Within Utopia life is organised on a communal basis, provisions being brought to the four markets in each town, and thence taken freely, firstly for the use of the hospitals, secondly for the public halls, and thirdly by whomsoever will. But in fact they all eat in the public halls, for without good cause no one would willingly eat at home, ‘since it is both ridiculous and foolish for any one to give themselves the trouble to make ready an ill dinner at home,’ 2 when he might fare so much better eating in public. In an ominous phrase elsewhere, we are told that in Utopia ‘all men live in full view.’ In that happy island everything may be had in abundance except privacy. Dinner and supper are prefaced by a short ‘lecture of morality,’ which serves as a text for uplifting conversation3; in Utopia this may be an additional reason for shunning the cold domestic joint.
Trade is conducted on rather unusual principles, and with rather unusual results. Seeing that the island abounds in all things, and that little or nothing is needed from abroad, foreign trade is in essence a giving away of superfluities after a two years' supply has been assured. This export is in part a free gift; otherwise they get in return vast quantities of gold and silver. Here indeed is the mercantilist ideal of a country stuffed with bullion. This, however, is combined with a complete contempt for the precious metals and for all other baubles: ‘the folly of man has enhanced the value of gold and silver, because of their scarcity.’ 4 Accordingly, that the hearts of the Utopians may not be beguiled into worshipping the so-called precious metals, the gold is transformed into vessels of dishonour. It is out of gold that chamber-pots and close-stools are fashioned; so also fetters of gold are made for the slaves, to whom an ear-ring of gold may be attached as a special badge of infamy.
There is thus much gold in the country, even if it is to be found in unexpected places. It is used to hire mercenaries in the event of a war, and this need is also supplied by a certain traffic in the condemned criminals of other countries who are acquired as slaves. In this fantasy which is called Utopia, we here touch on two points which may offend modern susceptibilities. Firstly, the Utopians do not wage war wholly on approved principles. In this matter they cannot escape the charge of being somewhat imperialistic. If their population exceeds the optimum, they send out colonies to the neighbouring continent, ‘taking the inhabitants into their society, if they are willing to live with them.’ Otherwise they drive them out of the bounds which they have marked for themselves:
For they account it a very just cause of war, for a nation to hinder others from possessing a part of that soil, of which they make no use, but which is suffered to lie idle and uncultivated; since every man has by the law of Nature a right to such a waste portion of the earth as is necessary for his subsistence.1
This is the pure doctrine of Lebensraum, naked and unashamed, and it is interesting to see the Law of Nature invoked here, and invoked in a logical sense, as applying to the rights of all the inhabitants of the world to all the land of the world, and not merely, for example, to the right which the French people may be supposed to have to the land of France.
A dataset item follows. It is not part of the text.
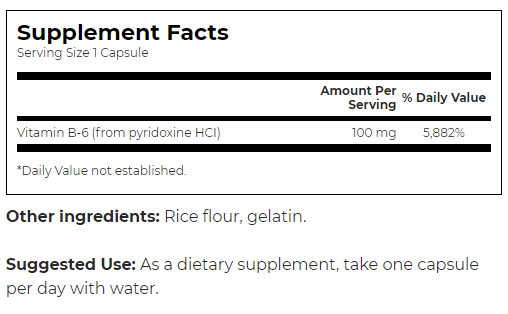 Swanson Vitamin B6 Pyridoxine-factsheets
Wars may of course arise otherwise through loyalty to their friends. When it comes to the waging of war, while the Utopians fight bravely in the last resort, they prefer to hire mercenaries from other nations and to gain victory by dexterity rather than by bloodshed. In practice this means that they stir up fifth columnist activity, and incite enemy subjects to kill their prince.
The second point that may offend is that we are still, apparently, in a world of slavery. Quite apart from the demands of war, the comforts of Utopia demand a slave population whose function it is to render the ‘uneasy services’; they also do the work of the slaughterhouse, an occupation which the fastidious Utopians find nauseating. In short, they do everything that is unpleasant, a consideration which ought in itself to make the work of the others more agreeable. Unlike the Utopians who get off with a six-hour day, the slaves ‘are kept at perpetual labour and are always chained.’2 The slaves are a motley crowd; firstly, there are their own condemned criminals, and secondly, ‘which is more common,’ condemned criminals of other countries, whom merchants may pick up at bargain prices, or even get for nothing. These are supplemented by the voluntary poor of other countries, who presumably feel that slavery in Utopia is better than freedom elsewhere. These, as indeed they deserve, are better treated than the other classes of slaves. The rebellious slave is treated like a wild beast, and in the last resort is put to death. The implied advocacy of slavery as a punishment represents a protest against the harshness of excessive hanging; while, on economic grounds, a slave who can be made to do useful work is more of an asset to the community than a hanged criminal. But there is inevitably a flaw in any Utopia that needs slaves for its uneasy services.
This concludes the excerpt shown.